The school committee, at its meeting on December 8, approved several additions and deletions to the high school’s offer list. The list of courses changes each year as administrators seek to improve planning efficiency and analyze student wants and needs.
According to a presentation by Westerly High School Principal Michael Hobin, the Advanced Fashion Design & Merchandising course will be aimed at students interested in working in the fashion industry and teach them how to use elements and principles of design to create clothes and other items. Students will study and learn advanced textile construction techniques and have the opportunity to develop a portfolio with a variety of textile products.
The Peer Tutor course will be aimed at top performing students who have been identified as potentially capable and effective tutors for peers who are struggling academically. Students will be trained to be effective tutors in their areas of academic competence. Students requiring a tutor will be assigned to the class for a six-week cycle.
Three additions or changes will be made to the school’s vocational and technical education programs. An Introductory Construction Course will be aimed at first-year students and second-year students interested in a career in construction. This will be the first course that students take to begin their career path and technological education in construction. The course is designed to introduce students to the possible career opportunities that exist in construction, as well as to expose them to the tools and equipment used in the field. Students will be introduced to the importance of safety in construction by obtaining an Occupational Safety and Health Administration 10 degree in Basic Occupational Health and Safety.
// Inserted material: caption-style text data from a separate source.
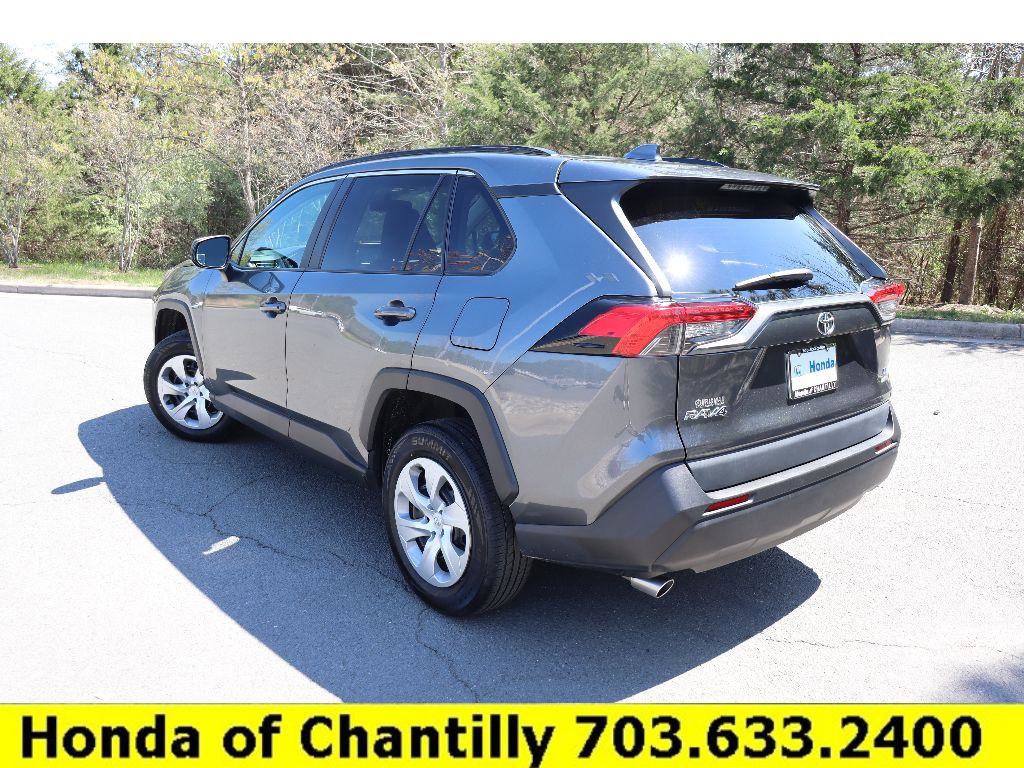 Used 2021 Toyota RAV4 LE image 5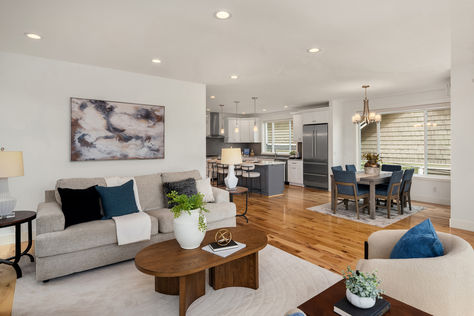 1117 Lake WA Blvd S Seattle WA - Upgrade Realty12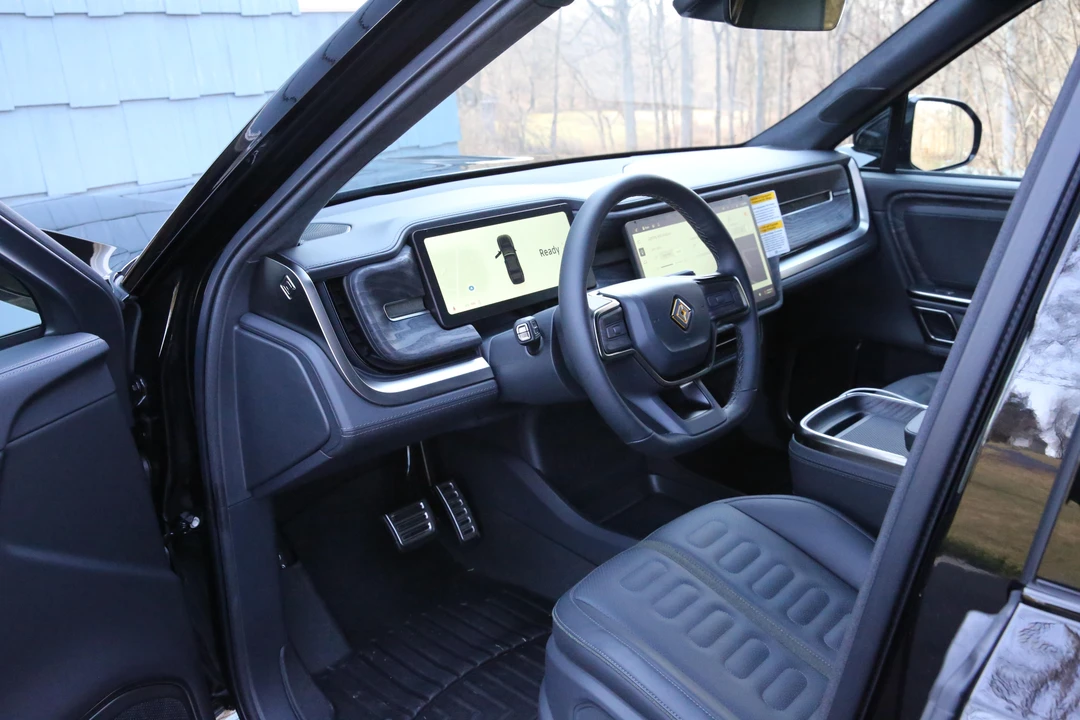 2022 Rivian R1S - Image 28 of 31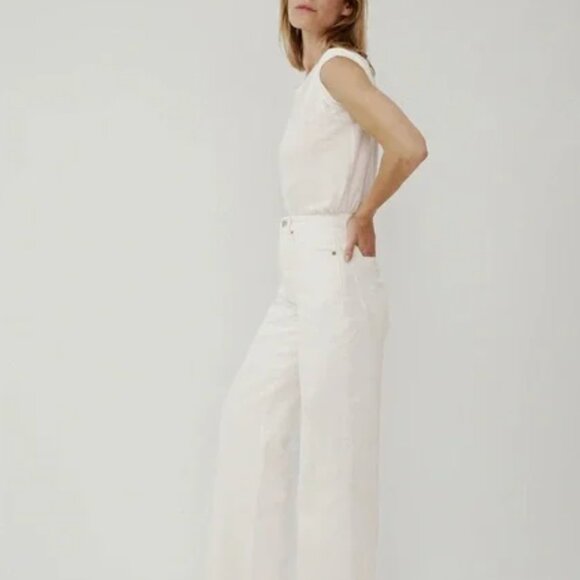 Buck Mason Denim - Buck Mason Jet Set Wide Leg High-Rise Jeans in Natural/White Size 29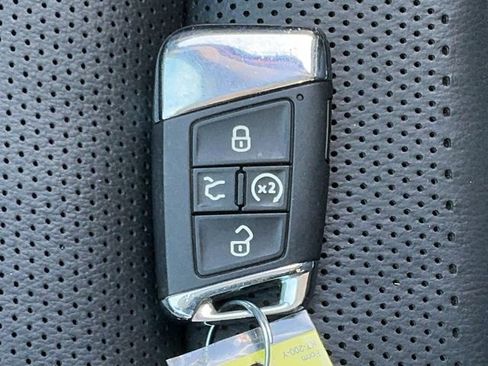 Used 2023 Volkswagen Atlas SEL Premium AWD/4WD image 32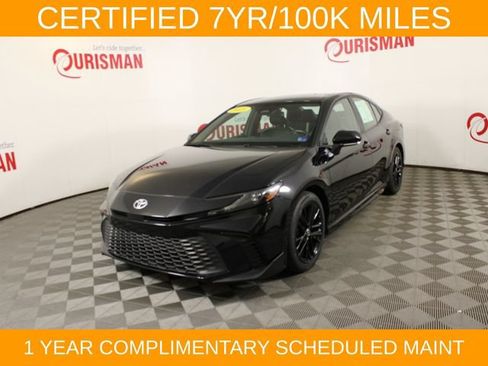 Used 2025 Toyota Camry SE FWD image 1
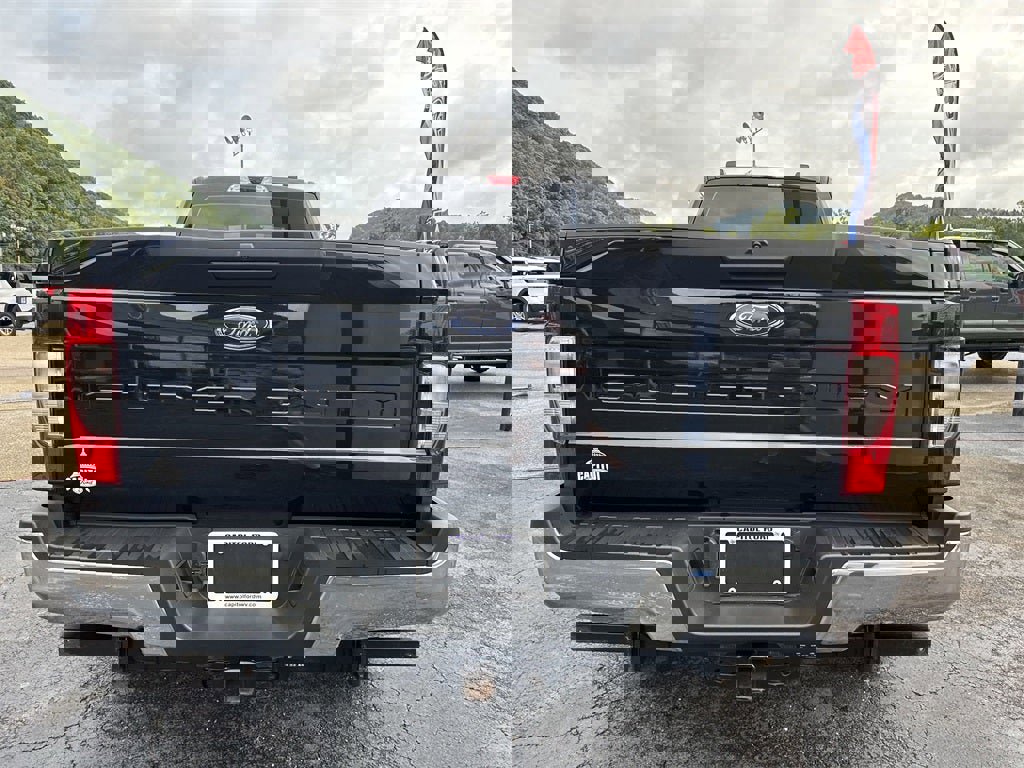 Used 2022 Ford F350 XL w/ STX Appearance Package image 5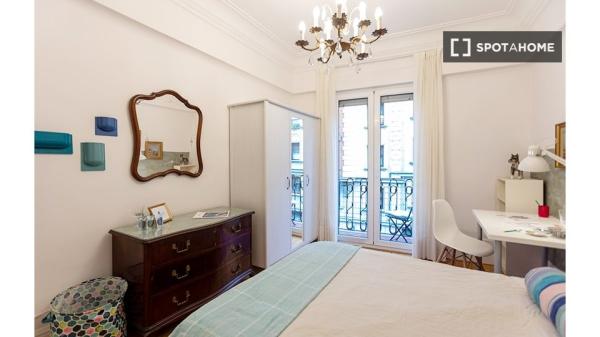 Stylish room in 7-bedroom apartment in Indautxu, Bilbao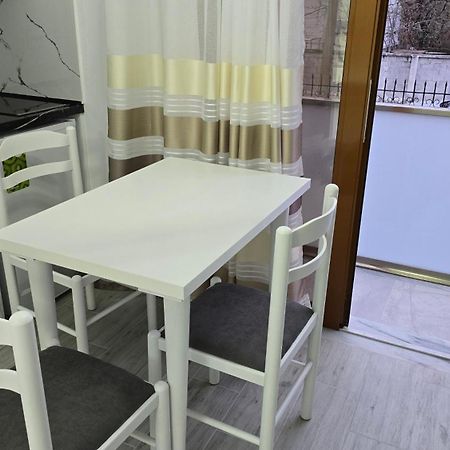 Guest House Pogradeci Eksteriør bilde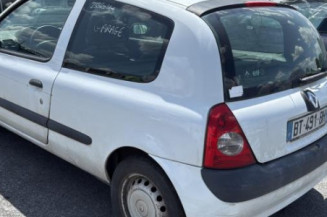 Aile avant gauche RENAULT CLIO 2 CAMPUS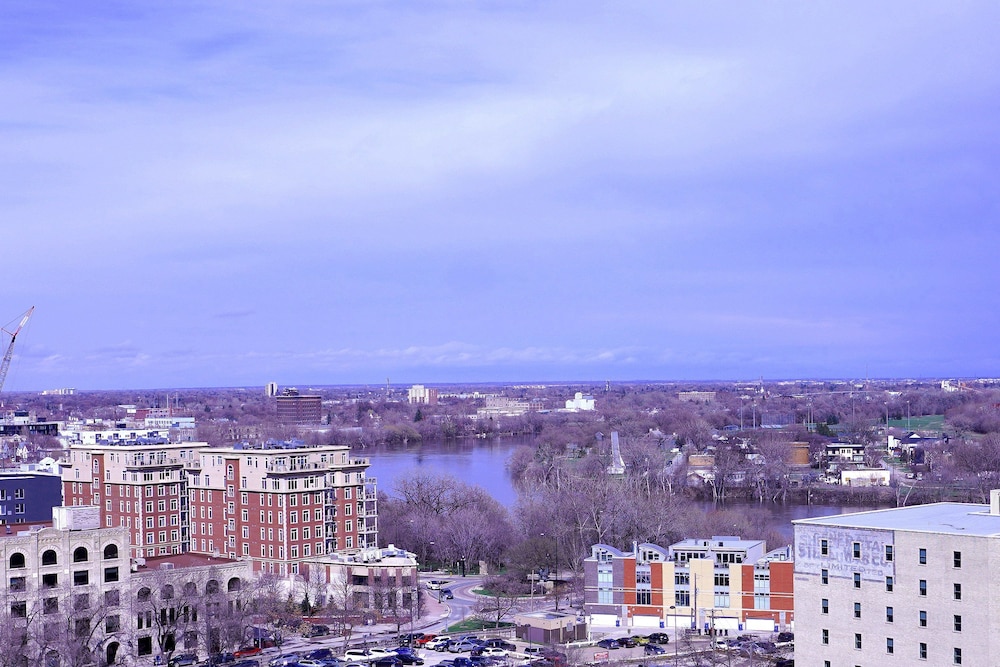 Fairmont Winnipeg 66/69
The course will also involve the use of hand and power tools through the construction of small hands-on projects. In the last part of the course, students will become familiar with the materials used in construction and the appropriate terminology used on construction sites.
The school’s Construction II course will change from a one-credit offering to a two-credit offering to enable students to complete the required program and certifications. Hobin said the extra time will allow students to work on longer and more potential offsite projects.
âWe think we need it if the program moves forward the way it can and should,â Hobin said.
Administrators also hope the changes to construction offerings will make it easier for the school to retain teachers in the program, Hobin said.
High School Culinary I and II courses will also become full year offerings to give students more time to complete the required program and certifications. The extra time will allow for the integration of an industry-focused curriculum that provides opportunities for real-life experience and develops practical skills, Hobin said.
The following courses have been approved for deletion: Independent Subjects in Music, Honors Level in Physical Sciences, Humanities (English and Social Studies), and US History: Titles Ripped. Department heads prefer students to take biology followed by chemistry rather than physical science with honors, Hobin said. The deleted humanities course is not aligned with the school’s current curriculum, and Hobin said the Ripped from the Headlines course is not needed as teachers discuss current affairs with students from several others. Classes.